#### [REQUIREMENT]
Omit all images, then repeat exactly the lines below from the one containing "Moodboard with rustic" through the one containing "F 30-37 - 03/09/1936", both ends included.

(RECORDS FOR PROCESSING begins)

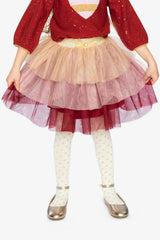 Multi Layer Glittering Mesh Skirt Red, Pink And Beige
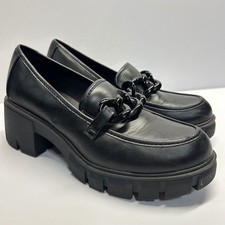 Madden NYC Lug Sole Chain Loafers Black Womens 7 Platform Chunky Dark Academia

(RECORDS FOR PROCESSING ends)
(RECORDS FOR PROCESSING begins)

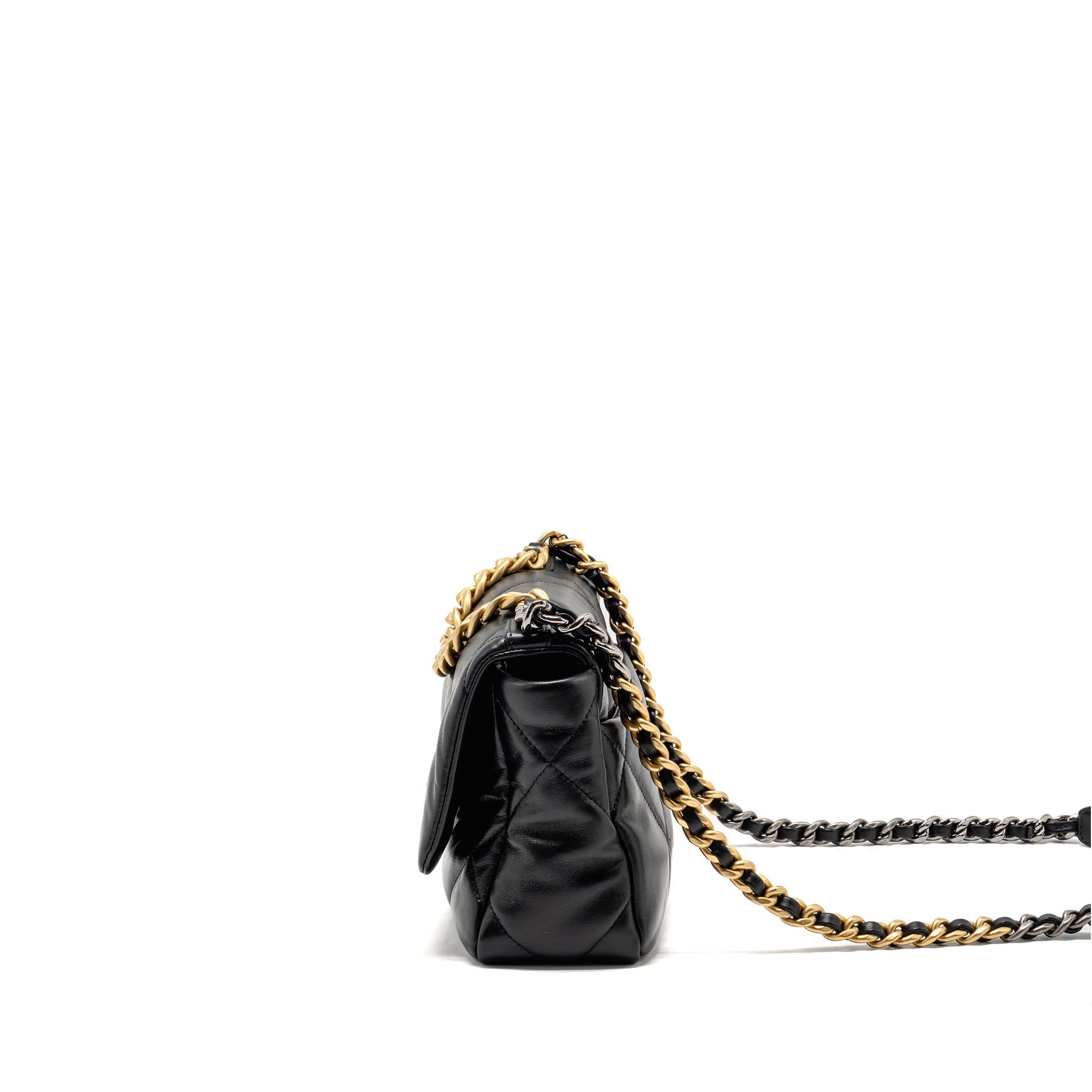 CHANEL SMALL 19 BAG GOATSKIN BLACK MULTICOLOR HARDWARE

(RECORDS FOR PROCESSING ends)
(RECORDS FOR PROCESSING begins)

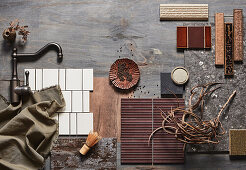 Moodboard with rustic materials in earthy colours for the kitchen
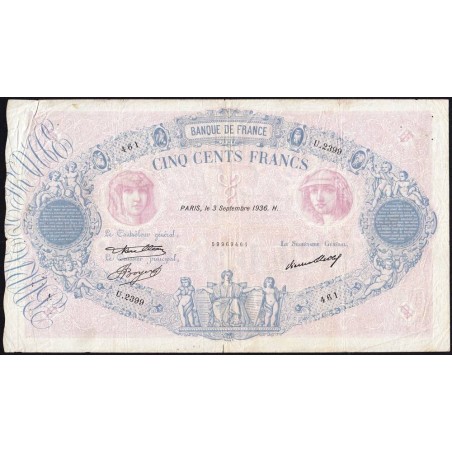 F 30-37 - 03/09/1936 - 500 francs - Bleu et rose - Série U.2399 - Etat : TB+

(RECORDS FOR PROCESSING ends)

#### [RESPONSE TO THE TASK]
 Moodboard with rustic materials in earthy colours for the kitchen
 F 30-37 - 03/09/1936 - 500 francs - Bleu et rose - Série U.2399 - Etat : TB+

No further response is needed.